====== Material supplied ======

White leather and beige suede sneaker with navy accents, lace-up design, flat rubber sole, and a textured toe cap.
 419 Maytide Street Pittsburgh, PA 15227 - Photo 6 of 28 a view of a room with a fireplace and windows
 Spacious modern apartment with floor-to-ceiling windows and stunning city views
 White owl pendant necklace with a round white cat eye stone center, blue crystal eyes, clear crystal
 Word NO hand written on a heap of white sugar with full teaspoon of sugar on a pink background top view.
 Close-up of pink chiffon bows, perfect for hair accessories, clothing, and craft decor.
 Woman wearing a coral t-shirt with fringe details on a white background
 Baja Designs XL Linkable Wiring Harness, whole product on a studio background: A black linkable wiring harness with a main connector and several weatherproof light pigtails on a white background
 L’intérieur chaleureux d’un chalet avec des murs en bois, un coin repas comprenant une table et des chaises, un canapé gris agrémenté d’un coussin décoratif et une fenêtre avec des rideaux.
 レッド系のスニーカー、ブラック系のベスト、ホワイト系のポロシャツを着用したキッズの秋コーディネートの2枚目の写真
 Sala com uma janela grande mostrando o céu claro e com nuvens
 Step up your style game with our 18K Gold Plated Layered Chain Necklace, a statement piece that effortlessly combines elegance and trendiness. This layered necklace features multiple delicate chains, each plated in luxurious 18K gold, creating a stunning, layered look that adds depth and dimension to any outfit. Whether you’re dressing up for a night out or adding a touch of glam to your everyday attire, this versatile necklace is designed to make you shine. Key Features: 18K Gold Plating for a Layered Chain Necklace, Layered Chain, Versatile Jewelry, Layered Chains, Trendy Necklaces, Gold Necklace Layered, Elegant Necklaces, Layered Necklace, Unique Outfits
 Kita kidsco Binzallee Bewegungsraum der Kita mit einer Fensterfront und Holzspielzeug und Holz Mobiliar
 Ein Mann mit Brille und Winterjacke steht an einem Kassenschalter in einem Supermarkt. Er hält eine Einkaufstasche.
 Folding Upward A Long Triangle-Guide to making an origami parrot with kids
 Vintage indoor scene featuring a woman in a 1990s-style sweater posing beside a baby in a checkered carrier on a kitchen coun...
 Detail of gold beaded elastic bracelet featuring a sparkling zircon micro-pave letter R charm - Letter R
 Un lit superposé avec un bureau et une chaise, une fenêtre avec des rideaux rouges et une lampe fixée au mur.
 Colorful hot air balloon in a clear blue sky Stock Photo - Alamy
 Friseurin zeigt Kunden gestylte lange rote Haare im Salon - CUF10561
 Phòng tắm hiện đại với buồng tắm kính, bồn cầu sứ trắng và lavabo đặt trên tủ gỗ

======

Requirement: Print exactly the line containing "Kita kidsco Binzallee" and every line after it through the end of the records above, and nothing else.

Solution for this task:
 Kita kidsco Binzallee Bewegungsraum der Kita mit einer Fensterfront und Holzspielzeug und Holz Mobiliar
 Ein Mann mit Brille und Winterjacke steht an einem Kassenschalter in einem Supermarkt. Er hält eine Einkaufstasche.
 Folding Upward A Long Triangle-Guide to making an origami parrot with kids
 Vintage indoor scene featuring a woman in a 1990s-style sweater posing beside a baby in a checkered carrier on a kitchen coun...
 Detail of gold beaded elastic bracelet featuring a sparkling zircon micro-pave letter R charm - Letter R
 Un lit superposé avec un bureau et une chaise, une fenêtre avec des rideaux rouges et une lampe fixée au mur.
 Colorful hot air balloon in a clear blue sky Stock Photo - Alamy
 Friseurin zeigt Kunden gestylte lange rote Haare im Salon - CUF10561
 Phòng tắm hiện đại với buồng tắm kính, bồn cầu sứ trắng và lavabo đặt trên tủ gỗ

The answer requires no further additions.